Architosh also published a feature article on Los Angeles-based visualization studio SPACIALISTS, a firm that has recently switched over to a new ARCHICAD to Unreal Engine pipeline for the majority of its visualization work. And at the 2017 GRAPHISOFT BIM CON, there was a nearly standing room only session on integrating that BIM platform with Unreal for visualization. The point is—the Unreal Engine is taking the pro markets by storm, and there is a lot of interest.
Learning Unreal for Pro Market Pros—Making It Easier
Learning how to use game development engines for interactive visualizations in markets like AEC isn’t exactly easy, however. That is why the folks at Epic have been dedicating resources and shifting directions to address better the interest in its game engine coming from nontraditional game development communities. The company has announced this past August the new Unreal Engine Online Learning site.
Epic’s new learning platform for Unreal Engine will be the host and home for all new training series and video tutorials on the Unreal Engine. The extensive online training walks learners through the common workflows working with the Unreal Engine.

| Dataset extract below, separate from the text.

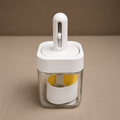 White Glass Square Storage Jar with Scoop(YM1261)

There are learning tracks split into various market focuses, including not just Game Development, but Architecture, Industrial Design, and Media and Entertainment (M&E).
Additional tracks separate content by job roles, like Designer or Programmer, and each video is labeled with levels like “Getting Started” or “Master Level.”
Free Access for Everyone
Architosh Analysis and Commentary
Epics’ decision to make this new learning content open and free to everyone is a great decision. Offering free learning on anything relevant is a great way to attract the mice, sort of speak. The next part is building a great mousetrap—which an attractive and organized learning site can be.

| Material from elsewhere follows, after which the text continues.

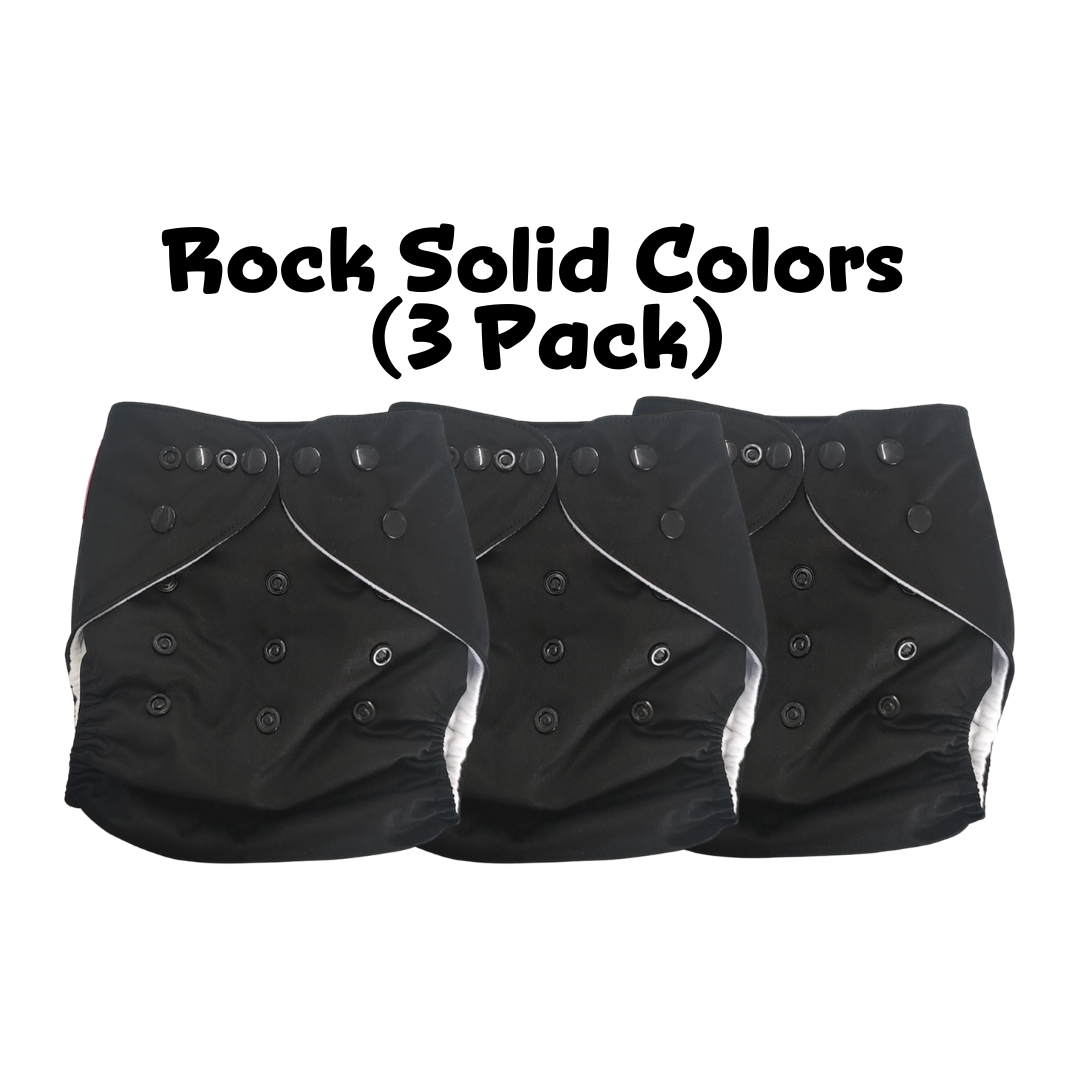 Solid As a Rock! (3 Pack Pick Your Colors) Cultured Diapers®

The site looks like a professional learning provider website like Pluralsight, for example. It is well organized into a structure that begins with Industries, Roles, Workflows and Engine Concepts.
Under Architect, for example, you are greeted with a large series of courses, like “Introduction to Materials For Design Visualization.” That course consists of 13 videos totaling over 58 minutes. The course on “Datasmith,” is 17 videos and 80 minutes of instruction. There are courses that help users who have explored or are using Unity, the game engine, for their visualization needs.
To test the “free” aspect of the learning community, I logged in and registered with my email. I was surprised to find out that someone else in the community already took the username “Architosh” so I had to register with a different name. Logging into the learning community site is easy.
If you are not familiar with Epic’s Unreal Game Engine, this learning community is a good place to start.